Task objective → Some lines below hold "years". Pick them out and copy them.

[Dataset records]
■ ■ ■ ■ ■ ■ ■

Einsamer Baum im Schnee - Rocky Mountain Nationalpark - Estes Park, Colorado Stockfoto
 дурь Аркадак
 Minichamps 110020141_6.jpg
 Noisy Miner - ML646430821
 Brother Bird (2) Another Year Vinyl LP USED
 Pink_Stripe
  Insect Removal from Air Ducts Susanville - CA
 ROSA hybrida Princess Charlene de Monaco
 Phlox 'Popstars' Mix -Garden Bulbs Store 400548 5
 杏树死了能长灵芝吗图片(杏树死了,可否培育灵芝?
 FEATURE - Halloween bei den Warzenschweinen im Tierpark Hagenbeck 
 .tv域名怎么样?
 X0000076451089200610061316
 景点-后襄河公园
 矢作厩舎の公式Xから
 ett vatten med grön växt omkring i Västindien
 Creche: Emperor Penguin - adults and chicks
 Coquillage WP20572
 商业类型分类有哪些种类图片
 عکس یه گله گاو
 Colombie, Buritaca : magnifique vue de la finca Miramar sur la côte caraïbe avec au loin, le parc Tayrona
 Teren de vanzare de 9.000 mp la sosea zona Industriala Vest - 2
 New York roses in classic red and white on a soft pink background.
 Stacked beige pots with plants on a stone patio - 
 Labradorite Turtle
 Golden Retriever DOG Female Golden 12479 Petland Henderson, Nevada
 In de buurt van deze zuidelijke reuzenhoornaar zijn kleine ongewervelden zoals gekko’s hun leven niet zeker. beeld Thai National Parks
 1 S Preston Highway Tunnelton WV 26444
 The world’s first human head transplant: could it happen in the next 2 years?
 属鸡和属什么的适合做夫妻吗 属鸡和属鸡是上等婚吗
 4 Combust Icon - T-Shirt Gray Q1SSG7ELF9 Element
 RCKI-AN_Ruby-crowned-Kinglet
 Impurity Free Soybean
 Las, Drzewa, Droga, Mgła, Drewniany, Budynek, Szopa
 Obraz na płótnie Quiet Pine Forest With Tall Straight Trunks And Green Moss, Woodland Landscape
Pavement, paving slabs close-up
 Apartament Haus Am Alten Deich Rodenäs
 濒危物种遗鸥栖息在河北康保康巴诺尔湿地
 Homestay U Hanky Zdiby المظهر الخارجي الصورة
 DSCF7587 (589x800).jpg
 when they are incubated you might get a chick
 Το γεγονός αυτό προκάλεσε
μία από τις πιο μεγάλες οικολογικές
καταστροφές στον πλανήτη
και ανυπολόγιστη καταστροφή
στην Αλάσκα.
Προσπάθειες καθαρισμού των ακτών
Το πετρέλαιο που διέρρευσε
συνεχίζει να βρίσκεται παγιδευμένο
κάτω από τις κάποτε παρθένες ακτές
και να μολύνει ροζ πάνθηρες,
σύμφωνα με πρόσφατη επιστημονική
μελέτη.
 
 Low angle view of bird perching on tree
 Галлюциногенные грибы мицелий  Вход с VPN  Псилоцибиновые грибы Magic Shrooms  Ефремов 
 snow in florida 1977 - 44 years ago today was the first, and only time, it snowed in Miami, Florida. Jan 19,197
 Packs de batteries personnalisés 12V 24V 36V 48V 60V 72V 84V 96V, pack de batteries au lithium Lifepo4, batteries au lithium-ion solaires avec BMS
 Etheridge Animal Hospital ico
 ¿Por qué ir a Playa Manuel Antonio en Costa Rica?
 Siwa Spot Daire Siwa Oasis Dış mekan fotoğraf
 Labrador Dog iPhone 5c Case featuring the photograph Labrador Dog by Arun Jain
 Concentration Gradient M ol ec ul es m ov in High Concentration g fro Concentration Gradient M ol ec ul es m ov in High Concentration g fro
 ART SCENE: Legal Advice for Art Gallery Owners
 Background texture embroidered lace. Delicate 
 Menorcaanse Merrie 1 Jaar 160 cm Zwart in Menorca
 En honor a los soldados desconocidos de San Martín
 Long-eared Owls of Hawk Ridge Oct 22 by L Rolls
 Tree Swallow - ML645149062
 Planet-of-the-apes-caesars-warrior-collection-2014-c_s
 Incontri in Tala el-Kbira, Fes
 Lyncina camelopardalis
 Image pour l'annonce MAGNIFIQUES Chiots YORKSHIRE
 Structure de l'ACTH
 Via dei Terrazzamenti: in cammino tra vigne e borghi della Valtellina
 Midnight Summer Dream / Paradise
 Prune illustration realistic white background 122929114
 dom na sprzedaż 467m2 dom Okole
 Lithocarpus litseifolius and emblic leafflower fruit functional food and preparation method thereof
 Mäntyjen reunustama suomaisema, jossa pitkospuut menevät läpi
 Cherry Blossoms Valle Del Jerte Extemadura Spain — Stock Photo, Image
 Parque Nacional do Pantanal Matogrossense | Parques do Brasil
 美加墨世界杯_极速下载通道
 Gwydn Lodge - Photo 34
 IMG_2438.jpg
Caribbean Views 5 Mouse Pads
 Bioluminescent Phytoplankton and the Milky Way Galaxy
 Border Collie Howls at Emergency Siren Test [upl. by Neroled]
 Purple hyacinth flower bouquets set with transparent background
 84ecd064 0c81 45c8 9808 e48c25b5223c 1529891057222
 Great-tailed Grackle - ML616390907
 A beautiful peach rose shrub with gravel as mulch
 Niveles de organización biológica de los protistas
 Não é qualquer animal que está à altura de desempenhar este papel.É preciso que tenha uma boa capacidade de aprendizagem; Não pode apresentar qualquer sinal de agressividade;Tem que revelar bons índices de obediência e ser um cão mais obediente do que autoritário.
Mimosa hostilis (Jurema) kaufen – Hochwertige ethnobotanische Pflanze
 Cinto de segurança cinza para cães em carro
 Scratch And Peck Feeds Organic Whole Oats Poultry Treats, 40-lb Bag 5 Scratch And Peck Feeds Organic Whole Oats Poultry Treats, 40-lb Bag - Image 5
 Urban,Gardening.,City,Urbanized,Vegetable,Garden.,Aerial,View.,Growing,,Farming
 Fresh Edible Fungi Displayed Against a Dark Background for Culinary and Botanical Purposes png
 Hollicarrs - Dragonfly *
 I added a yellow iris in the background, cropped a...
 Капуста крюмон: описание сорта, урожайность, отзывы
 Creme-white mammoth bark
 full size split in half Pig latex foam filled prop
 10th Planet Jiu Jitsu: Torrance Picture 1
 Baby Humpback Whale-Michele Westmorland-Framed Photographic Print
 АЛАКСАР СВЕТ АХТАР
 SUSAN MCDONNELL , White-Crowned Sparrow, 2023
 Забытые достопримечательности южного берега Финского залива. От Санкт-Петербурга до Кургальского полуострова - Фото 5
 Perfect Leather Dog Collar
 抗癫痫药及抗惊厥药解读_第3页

■ ■ ■ ■ ■ ■ ■

Exercise answer →
 The world’s first human head transplant: could it happen in the next 2 years?
 snow in florida 1977 - 44 years ago today was the first, and only time, it snowed in Miami, Florida. Jan 19,197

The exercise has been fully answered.